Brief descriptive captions

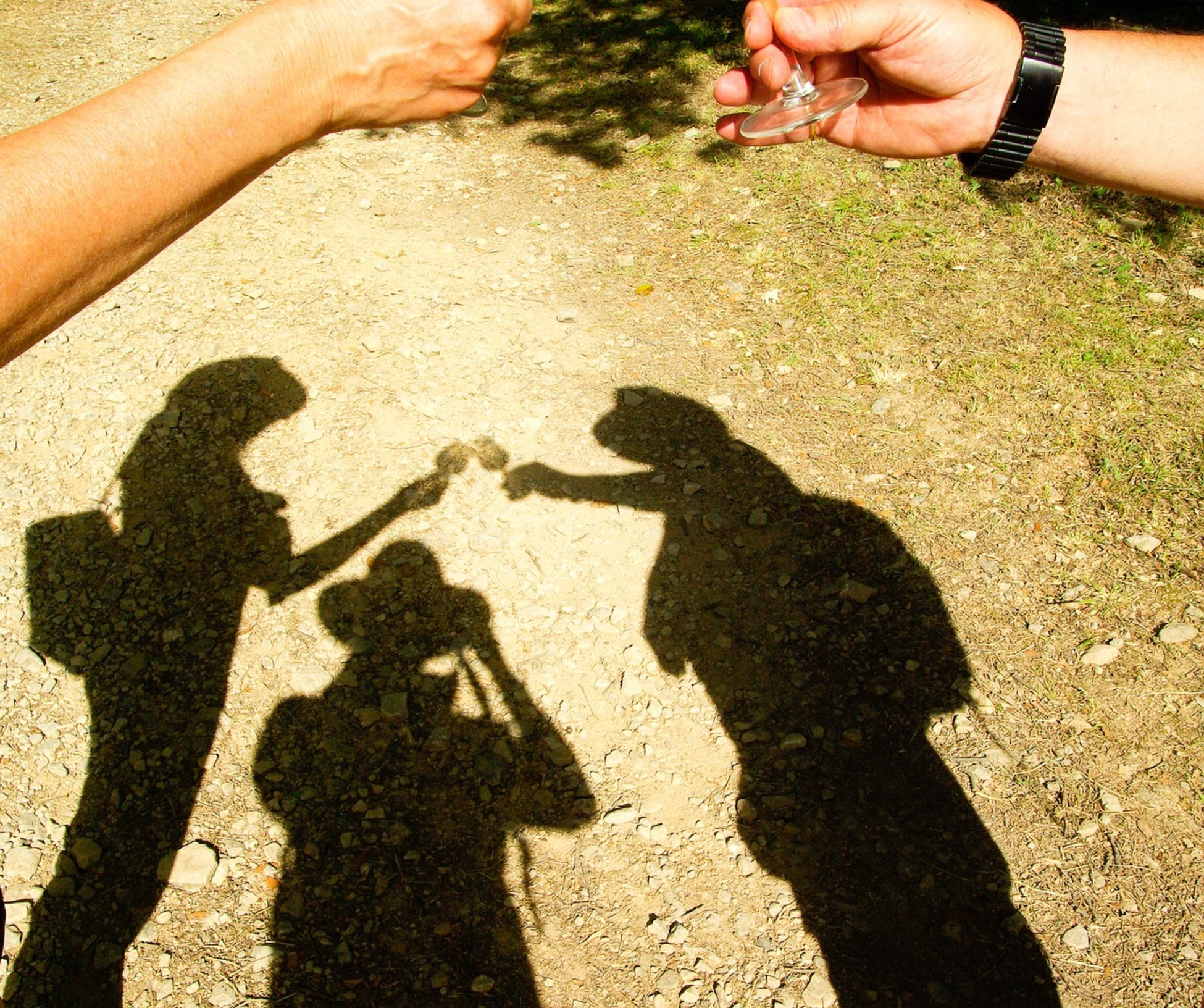 shadows of people toasting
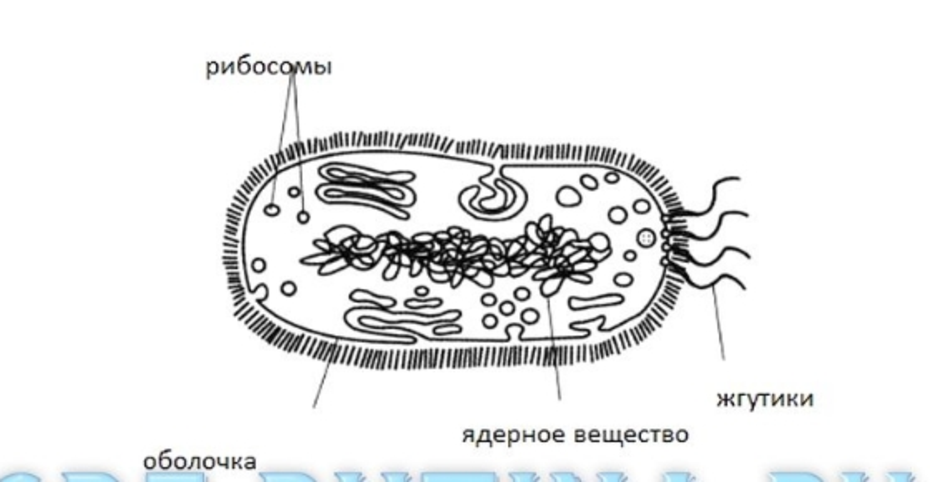 Соотнеси основные части бактериальной клетки с цифрами на изображении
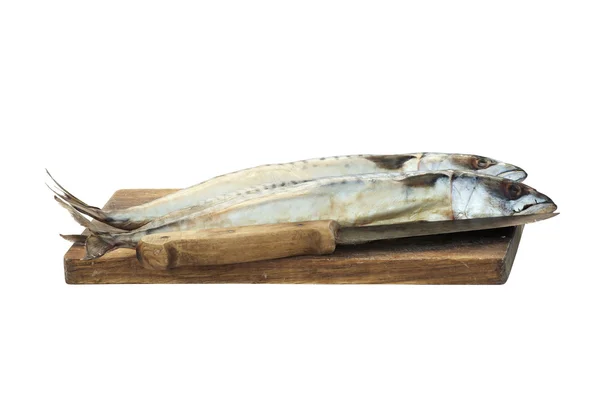 Fresh mackerels — Stok fotoğraf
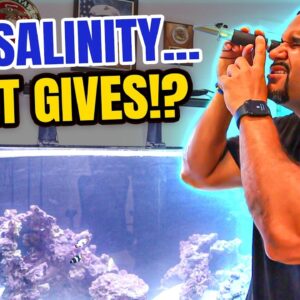 Saltwater Aquarium Evaporation - More Important Than Freshwater!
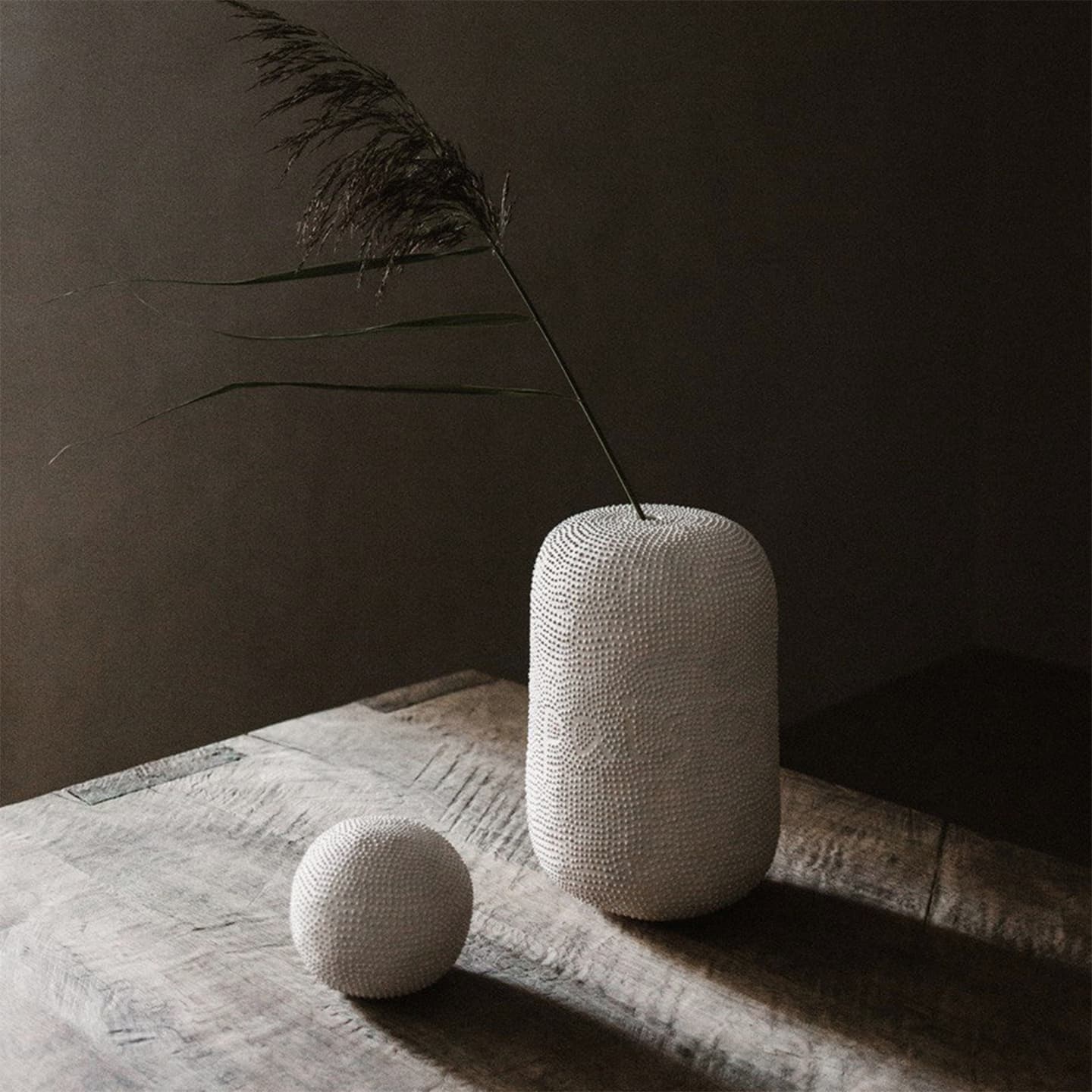 Работы Ани Слобожаниной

■ Task to carry out:
Transcribe every line in the entries above, taking out only the images.

■ Response to this task:
 shadows of people toasting
 Соотнеси основные части бактериальной клетки с цифрами на изображении
 Fresh mackerels — Stok fotoğraf
 Saltwater Aquarium Evaporation - More Important Than Freshwater!
 Работы Ани Слобожаниной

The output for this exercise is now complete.